Restaurant in London, England

Zafferano is a restaurant in London, originally run by Giorgio Locatelli on behalf of A–Z Restaurants until 2005. The restaurant was awarded one Michelin star in 1999, which it held until 2012.

==History==
Zafferano was opened by Locatelli in February 1995 in Knightsbridge, London. Its name comes from the Italian for saffron. The location had previously been a fish restaurant, but under Locatelli the new restaurant served Italian food. The major investor in the restaurant was Claudio Pulze, who owned the restaurant through his company A–Z Restaurants. Locatelli's pay was based on a percentage of the overall performance of the restaurant.

The restaurant was awarded a Michelin star in the list published in 1999. Locatelli was named the Outstanding London Chef of 2001 at the London Restaurant Awards, but shortly afterwards left the restaurant following disagreements with new head of A–Z Restaurants, Giuliano Lotto. Andrew Needham took over as head chef, having previously been Locatelli's sous chef.

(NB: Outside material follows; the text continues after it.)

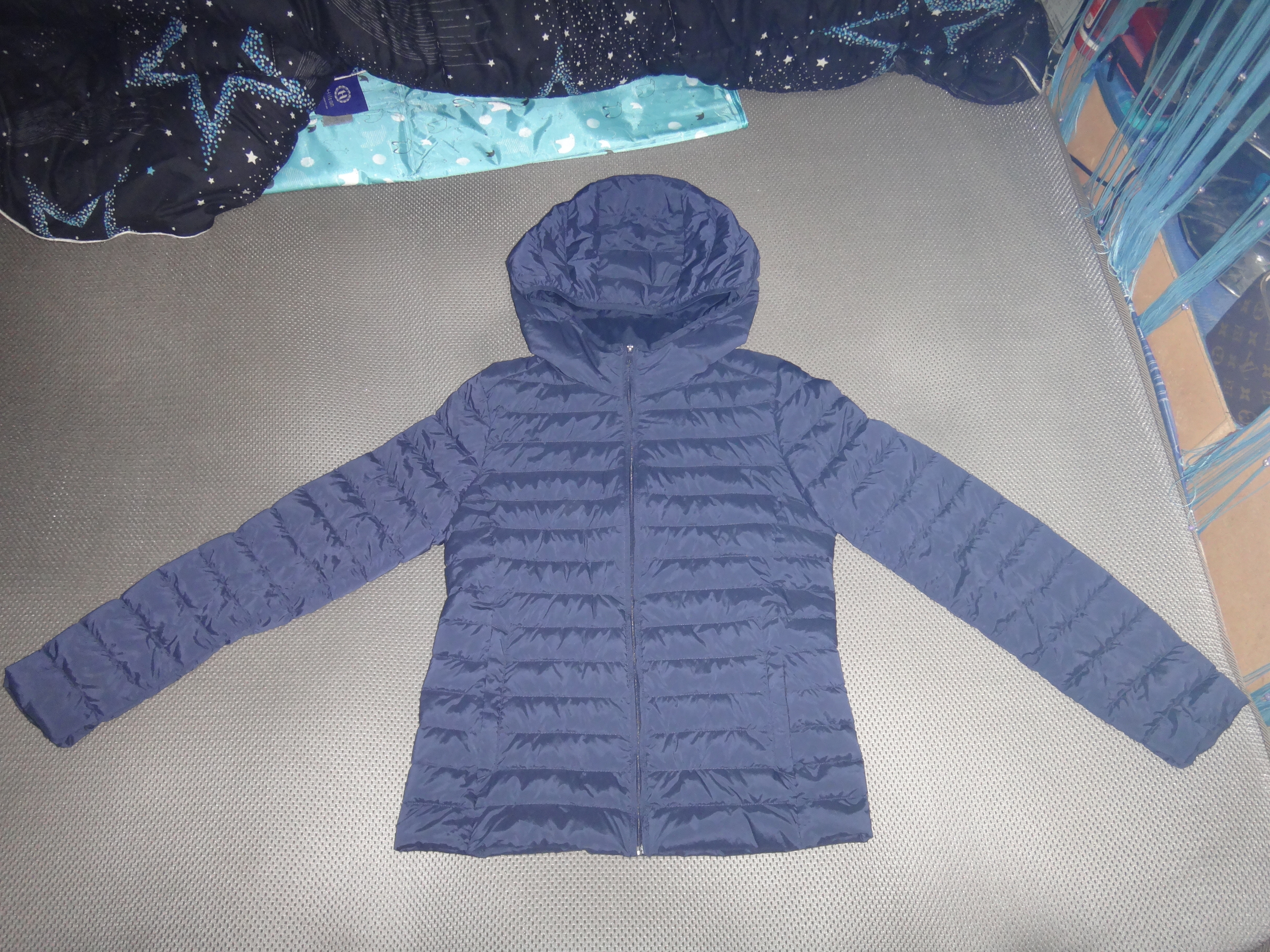~保證真品很新的女款 Uniqlo 深藍色輕量款連帽羽絨外套M號~便宜起標底價標多少賣多少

After A–Z Restaurants went into administration in November 2004, Locatelli said that he was interested in purchasing Zafferano. The group, including Zafferano, was sold back to Claudio Pulze with a new partner, John De Stefano. In 2007, Pulze sold his share of the company to De Stefano. The restaurant expanded during the same year and opened a delicatessen.

==Menu==
The restaurant's menu is influenced by the previous restaurants at which Locatelli worked, including The Savoy Hotel and at Olivo, where the menu was centred on Italian peasant foods. It was initially launched with a series of set price menus, with the idea that the menus would be changed on a monthly basis, and the dishes avoid using butter as an ingredient. Only one dish in the original 1995 menu was served with butter — a dish of pappardelle pasta with chicken livers and sage.

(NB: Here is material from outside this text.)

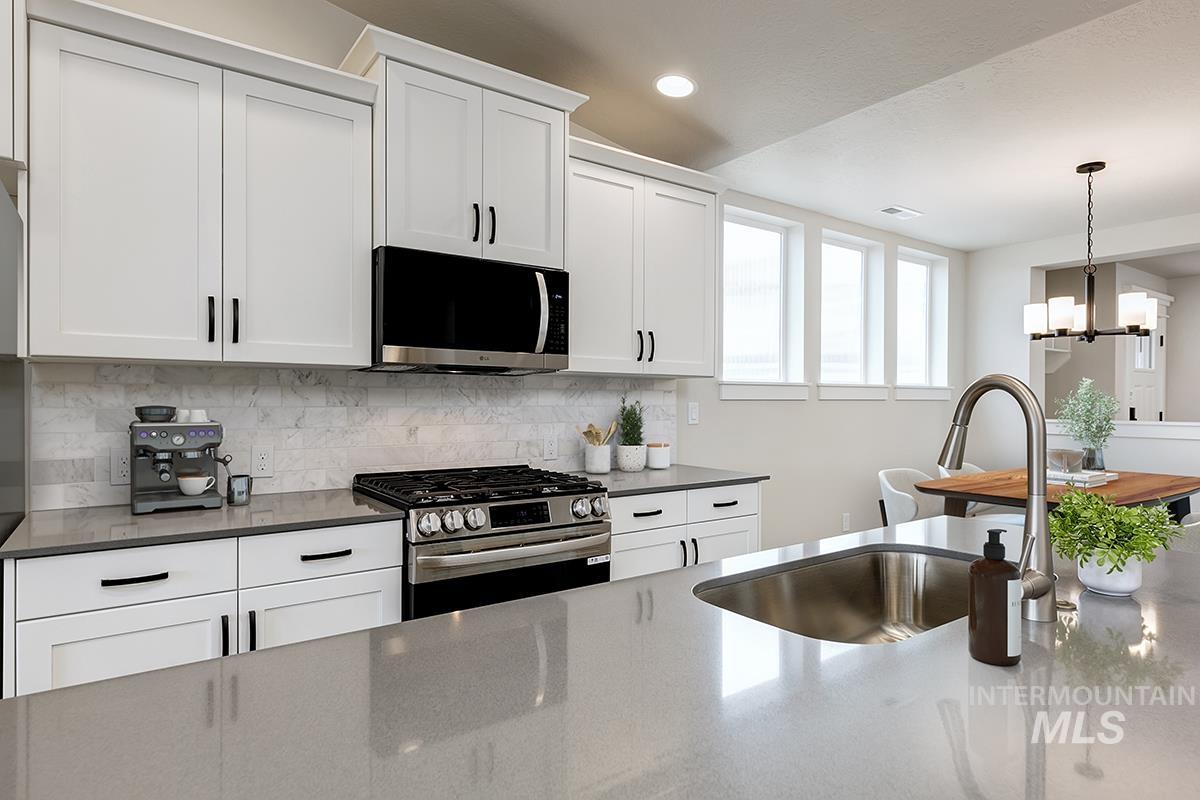 1646 E Hadler St., Meridian, Idaho 83642, 3 Bedrooms, 2 Bathrooms, Residential For Sale, Price $447,800,MLS 98995324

Desserts have included strawberries drizzled with 60-year-old balsamic vinegar. The signature dessert is a tiramisu served inside a tuile.
Although saffron fibres are woven into the covers of the bill cover, the process was too expensive to repeat for the covers of the menus. Between 1997 and 2005, the average cost of a meal at the restaurant increased by 65%, from £34 to £56.

==Reception==
Matthew Norman, writing for The Daily Telegraph in 2003, described it as "one of the best restaurants around", although he did criticise the attitude of its staff. In 2013, Time Out wrote that Zafferano "has some way to go to rediscover its glory days". It was awarded three AA Rosettes in 2009. In 2011, the restaurant was named 55th in the list of the top restaurants in the UK by The Good Food Guide.